::: ENTRIES PROVIDED

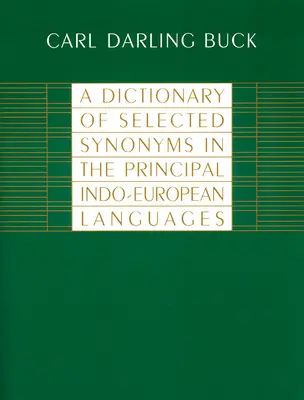 Słownik wybranych synonimów w głównych językach indoeuropejskich - A Dictionary of Selected Synonyms in the Principal Indo-European Languages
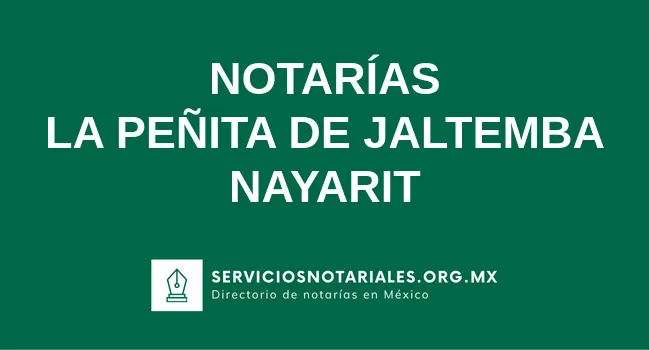 Directorio de notarios de La Peñita de Jaltemba Nayarit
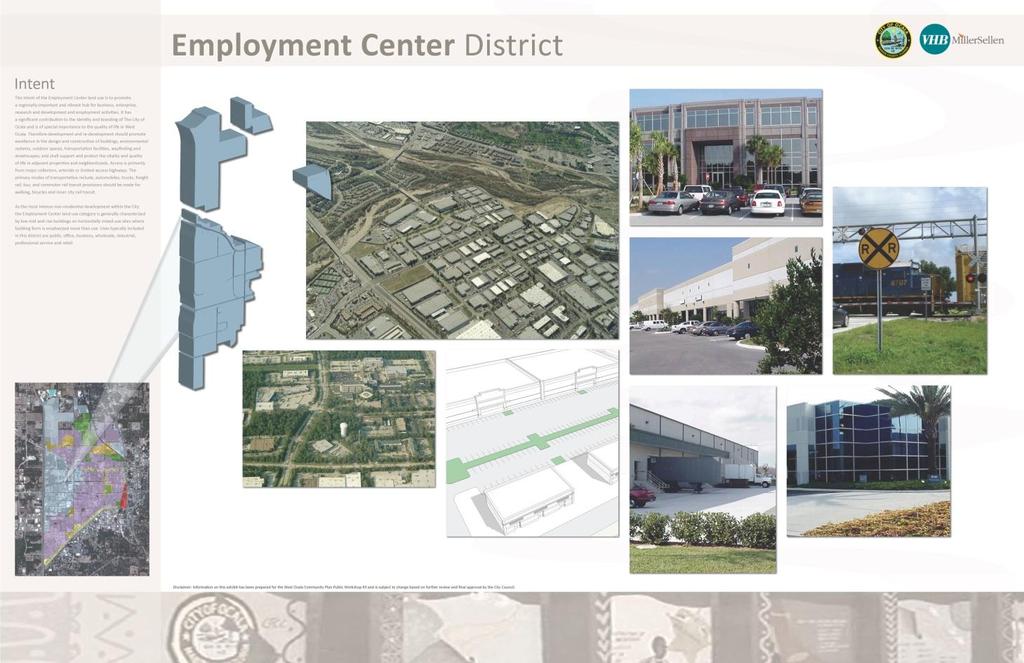 Employment Center District Intent: Promote a regionally-important and vibrant hub for business, enterprise,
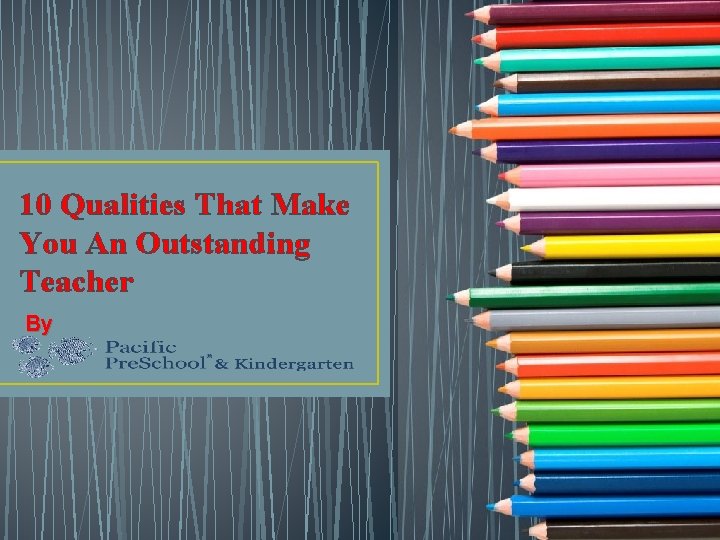 10 Qualities That Make You An Outstanding Teacher By 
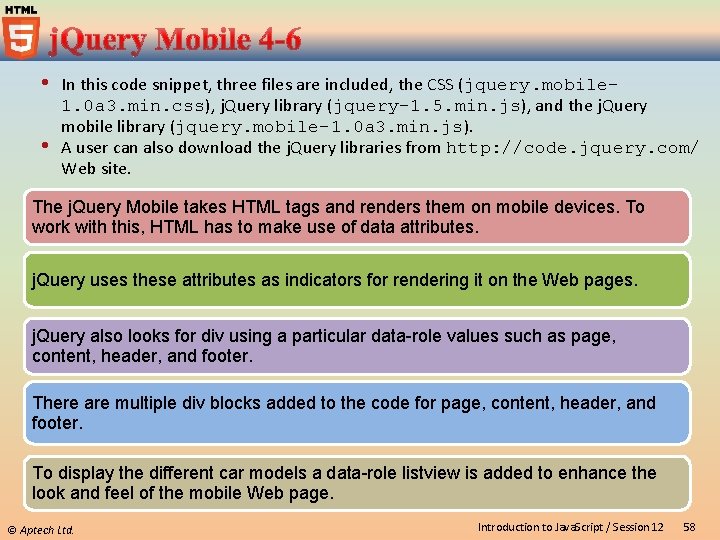  In this code snippet, three files are included, the CSS (jquery. mobile 1.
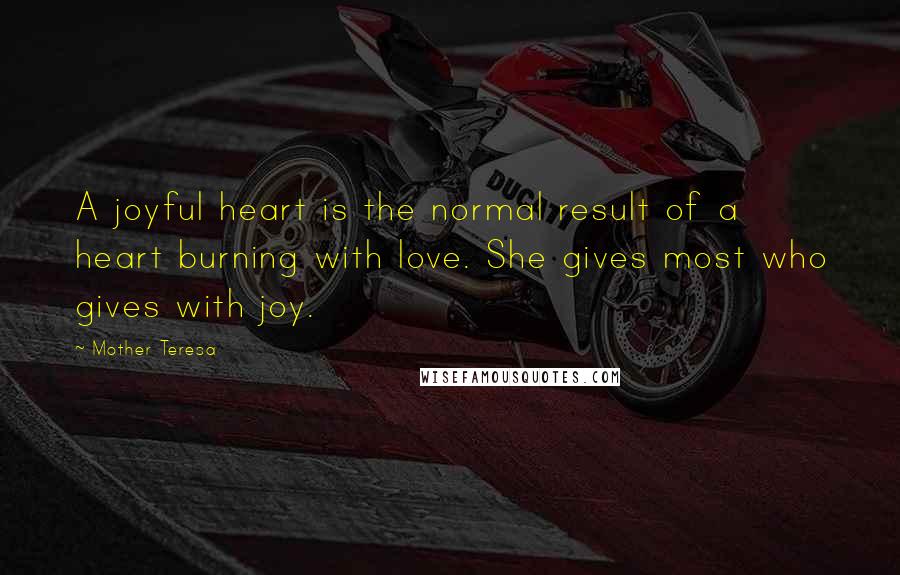Mother Teresa Quotes: A joyful heart is the normal result of a heart burning with love. She gives most who gives with joy.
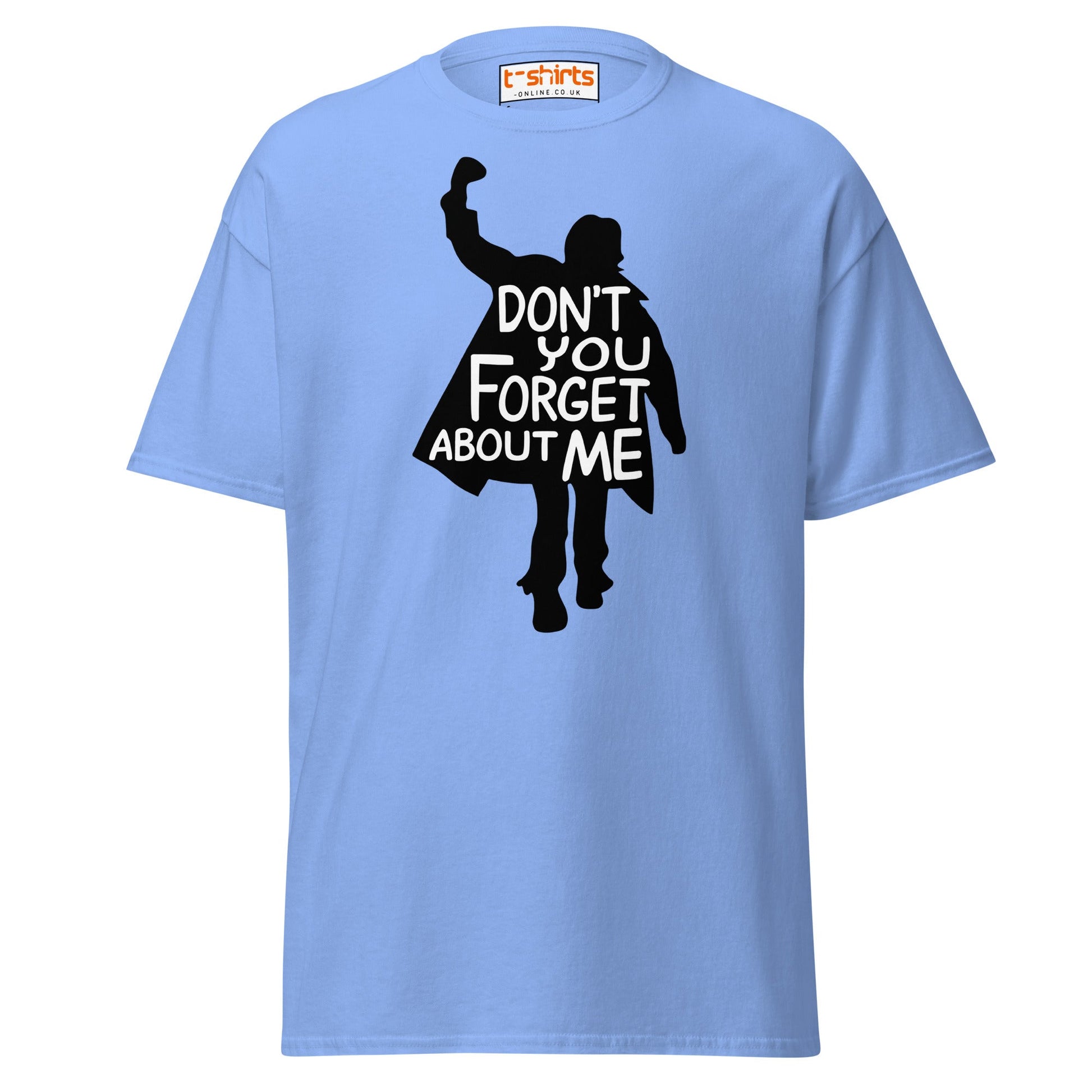 Don’t You Forget About Me T-Shirt – Retro 80s Tee - Carolina Blue - T-Shirts Online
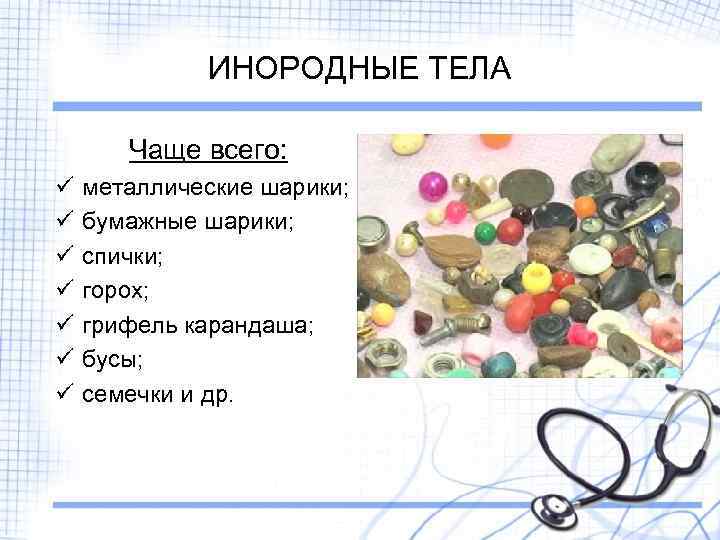 ИНОРОДНЫЕ ТЕЛА Чаще всего: ü ü ü ü металлические шарики; бумажные шарики; спички; горох;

::::::

• **DIRECTIONS**
Pictures are skipped here. Print exactly, and only, the lines from the one holding "Mother Teresa Quotes: A" through the final line of the material above, both ends included.

• **ANSWER FOR THE TASK**
Mother Teresa Quotes: A joyful heart is the normal result of a heart burning with love. She gives most who gives with joy.
 Don’t You Forget About Me T-Shirt – Retro 80s Tee - Carolina Blue - T-Shirts Online
 ИНОРОДНЫЕ ТЕЛА Чаще всего: ü ü ü ü металлические шарики; бумажные шарики; спички; горох;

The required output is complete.